Annexe au procès-verbal de la séance du 11 octobre 2006

RAPPORT

FAIT

au nom de la commission des Finances, du contrôle budgétaire et des comptes économiques de la Nation (1) sur la proposition de loi de M. Jean ARTHUIS portant diverses dispositions intéressant la Banque de France,

Par M. Philippe MARINI,

Sénateur.

(1) Cette commission est composée de : M. Jean Arthuis, président ; MM. Claude Belot, Marc Massion, Denis Badré, Thierry Foucaud, Aymeri de Montesquiou, Yann Gaillard, Jean-Pierre Masseret, Joël Bourdin, vice-présidents ; M. Philippe Adnot, Mme Fabienne Keller, MM. Michel Moreigne, François Trucy, secrétaires ; M. Philippe Marini, rapporteur général ; MM.  Bernard Angels, Bertrand Auban, Jacques Baudot, Mme Marie-France Beaufils, MM. Roger Besse, Maurice Blin, Mme Nicole Bricq, MM. Auguste Cazalet, Michel Charasse, Yvon Collin, Philippe Dallier, Serge Dassault, Jean-Pierre Demerliat, Eric Doligé, Jean-Claude Frécon, Yves Fréville, Paul Girod, Adrien Gouteyron, Claude Haut, Jean-Jacques Jégou, Roger Karoutchi, Alain Lambert, Gérard Longuet, Roland du Luart, François Marc, Michel Mercier, Gérard Miquel, Henri de Raincourt, Michel Sergent, Henri Torre, Bernard Vera.

Voir le numéro :

Sénat : 347 (2005-2006)

Banque de France.

EXPOSÉ GÉNÉRAL

La proposition de loi n° 347 (2005-2006) portant diverses dispositions intéressant la Banque de France, déposée par notre collègue le président Jean Arthuis, représente l'aboutissement d'un long processus législatif depuis l'indépendance de la Banque de France, garantie par la loi n° 93-980 du 4 août 1993 relative au statut de la Banque de France.

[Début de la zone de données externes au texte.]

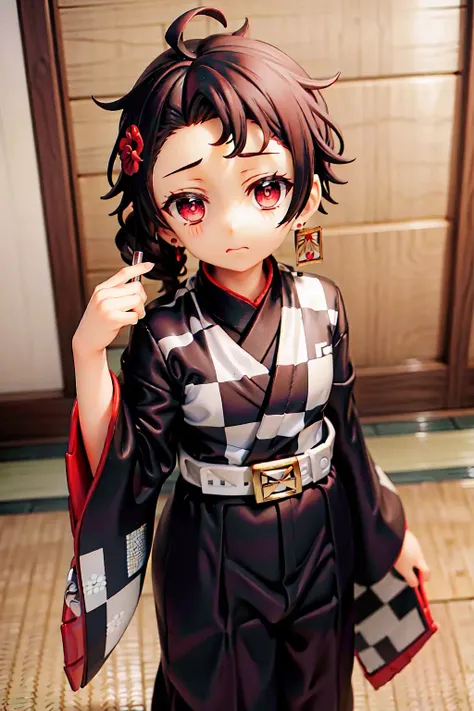 masterpiece, best quality,1boy,kamado_tanjirou, frown,checkered, haori, japanese_clothes, earrings, scar, jewelry, scar_on_forehead, kamado_nezuko, long_sleeves, black_jacket, solo, white_belt, pants, uniform, belt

En effet, treize ans après la loi fondatrice du 4 août 1993, elle consacre le nouveau rôle joué par la Banque de France au sein du Système européen de banques centrales (SEBC), en proposant la suppression d'un organe devenu obsolète - le Conseil de la politique monétaire (CPM) - et en actualisant le régime fiscal et le droit du travail applicables. Ces évolutions nécessaires répondent aux exigences nouvelles nées de l'inscription du droit français dans le cadre communautaire.

I. UN CADRE INSTITUTIONNEL RENOUVELÉ DEPUIS L'INDÉPENDANCE DE LA BANQUE DE FRANCE ACQUISE EN 1993

A. UNE INSTITUTION BICENTENAIRE

Créée le 18 janvier 1800 (28 nivôse an VIII), la Banque de France s'est vu progressivement confortée dans ses missions de régulation du secteur financier au-delà de son rôle initial d'institut d'émission : le privilège d'émission lui a été accordé en 1803, puis étendu, tandis qu'elle a été amenée à assurer gratuitement le service de caisse des comptables du Trésor puis à consentir à l'Etat des avances publiques.

Réorganisée par une loi du 24 juillet 1936 à la suite de la victoire électorale du Front populaire, la Banque de France a été nationalisée en 1945, le transfert du capital à l'Etat devenant effectif le 1er janvier 1946.